___ Material for this exercise ___

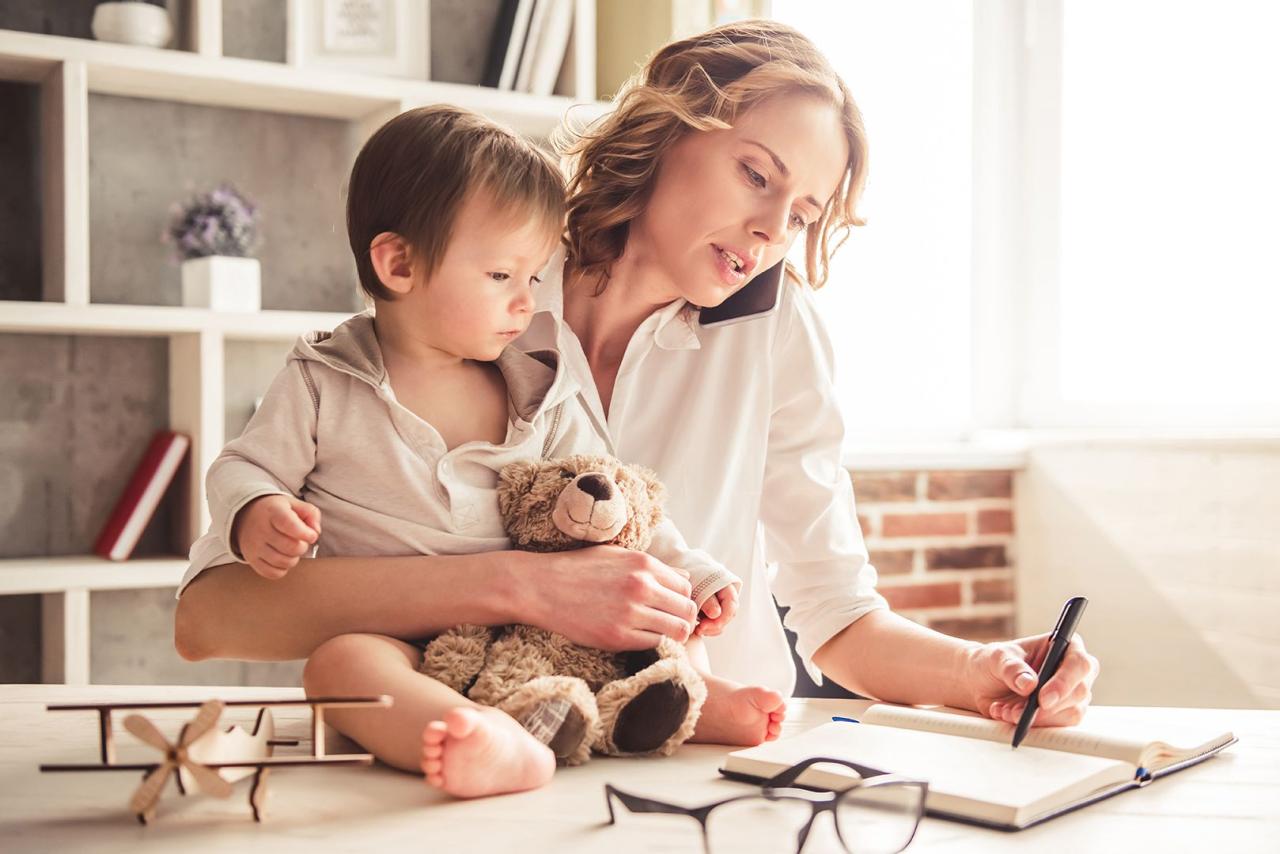 Baby moms mom working get job maternity newborn leave business child toddler stock we need 2013 credit stay work care
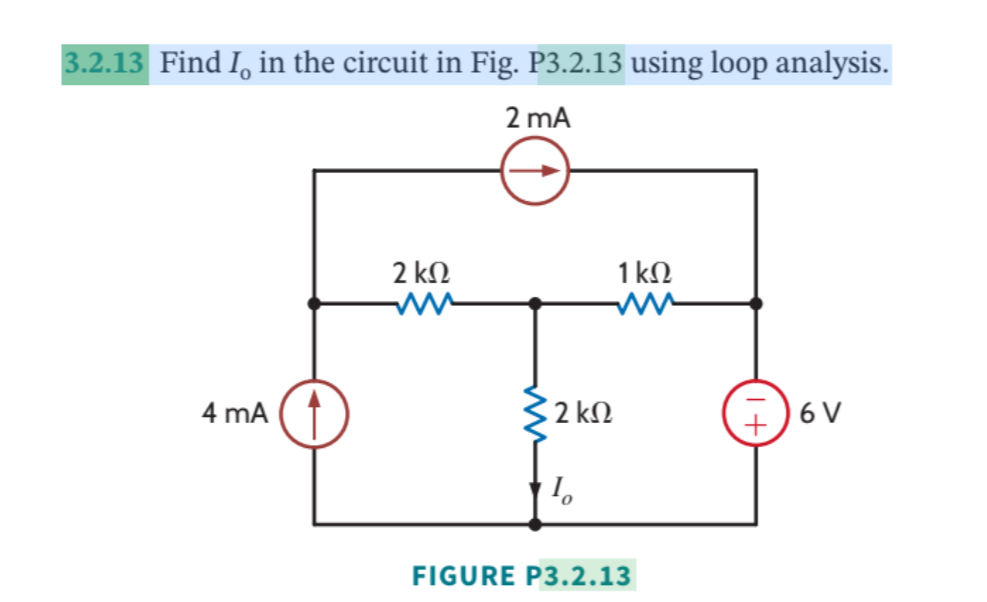 Solved 2 13 Find Io In The Circuit In Fig P3 2 13 Using Chegg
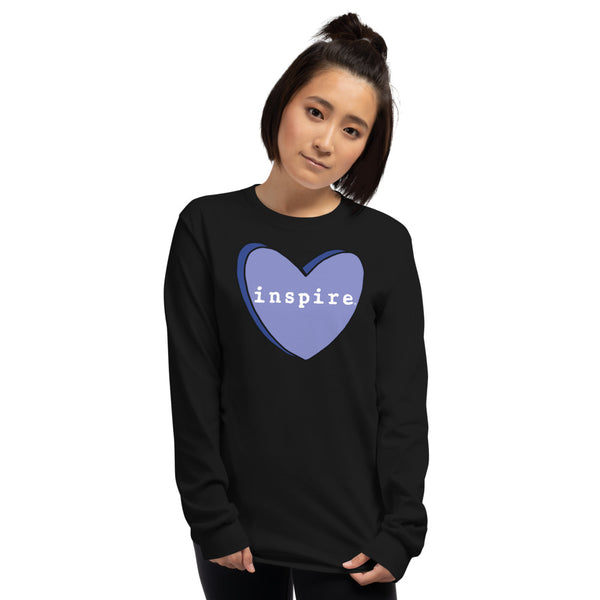 inspire Blue Candy Heart Unisex Long Sleeve Shirt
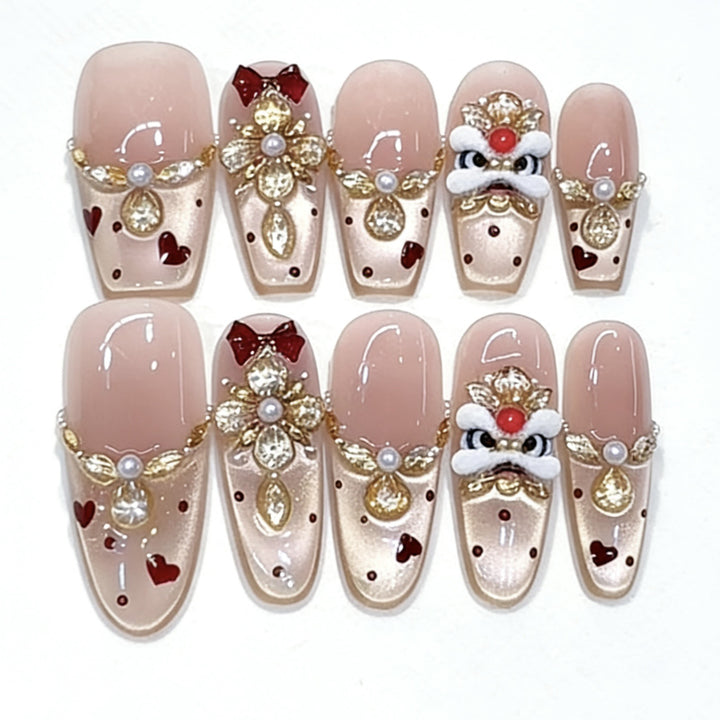 Decorative Press-On Nail Art Set with Heart and Gem Accents Kalsten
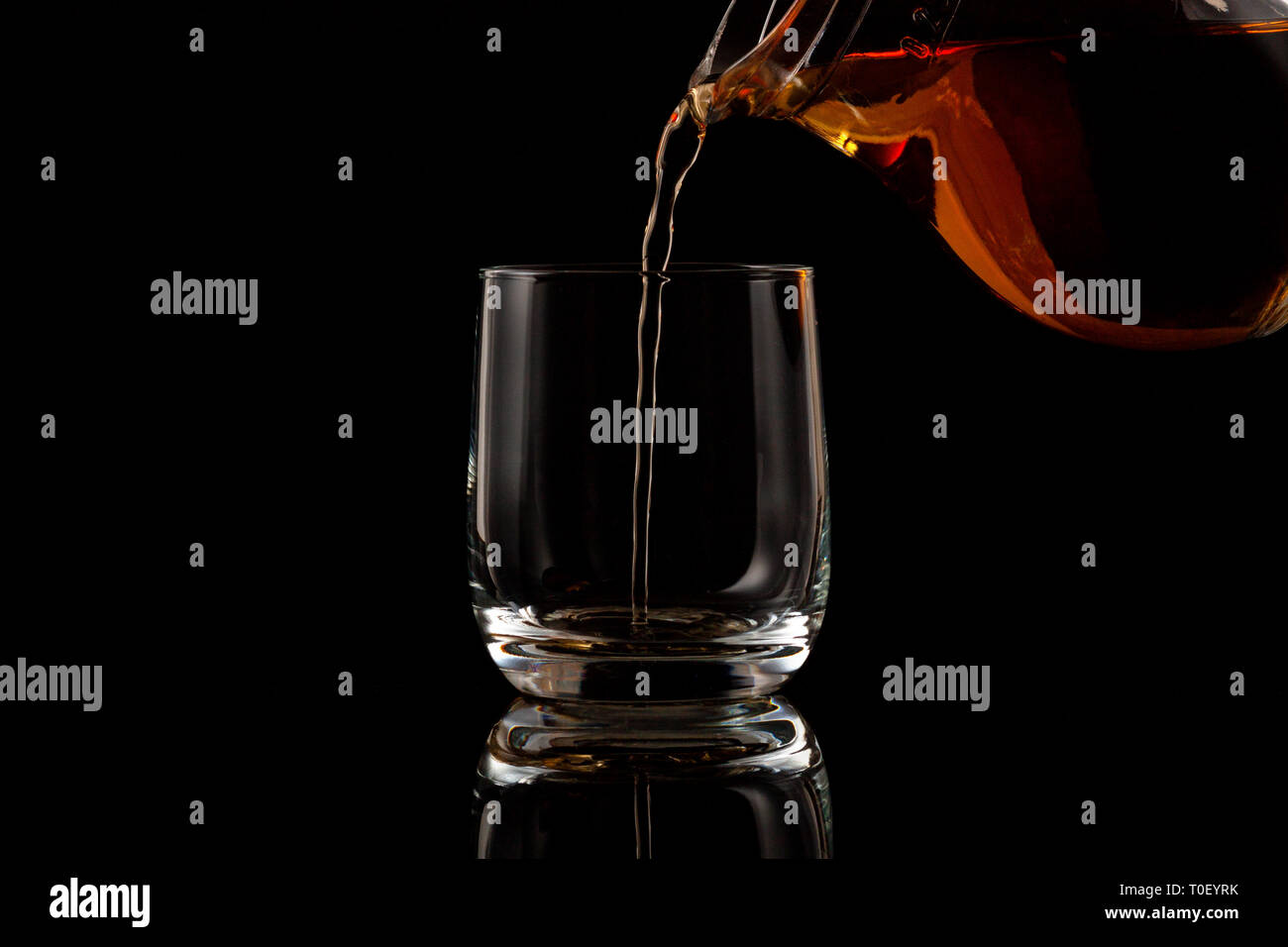 Brandy, whiskey, brandy juice in a glass Stock Photo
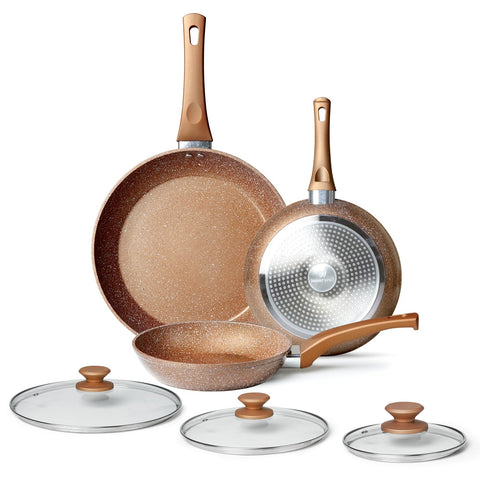 Innerwell granite 3pc egg pan 8in with lid for easy fried eggs.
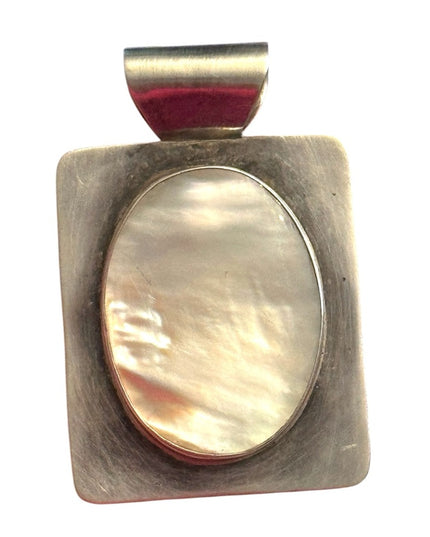 Sterling silver 925 Large statement Pendant MOP Mother of Pearl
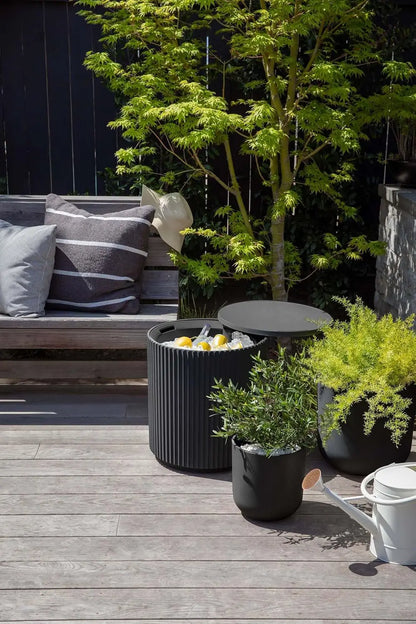 Outdoor Cooler Side Table 2-in-1 – Weather-Resistant Patio Cooler & End Table, 21″ Black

___

Copy exactly, and only, the lines from the first entry through the line holding "inspire Blue Candy", both ends included, leaving out every picture.

 Baby moms mom working get job maternity newborn leave business child toddler stock we need 2013 credit stay work care
 Solved 2 13 Find Io In The Circuit In Fig P3 2 13 Using Chegg
 inspire Blue Candy Heart Unisex Long Sleeve Shirt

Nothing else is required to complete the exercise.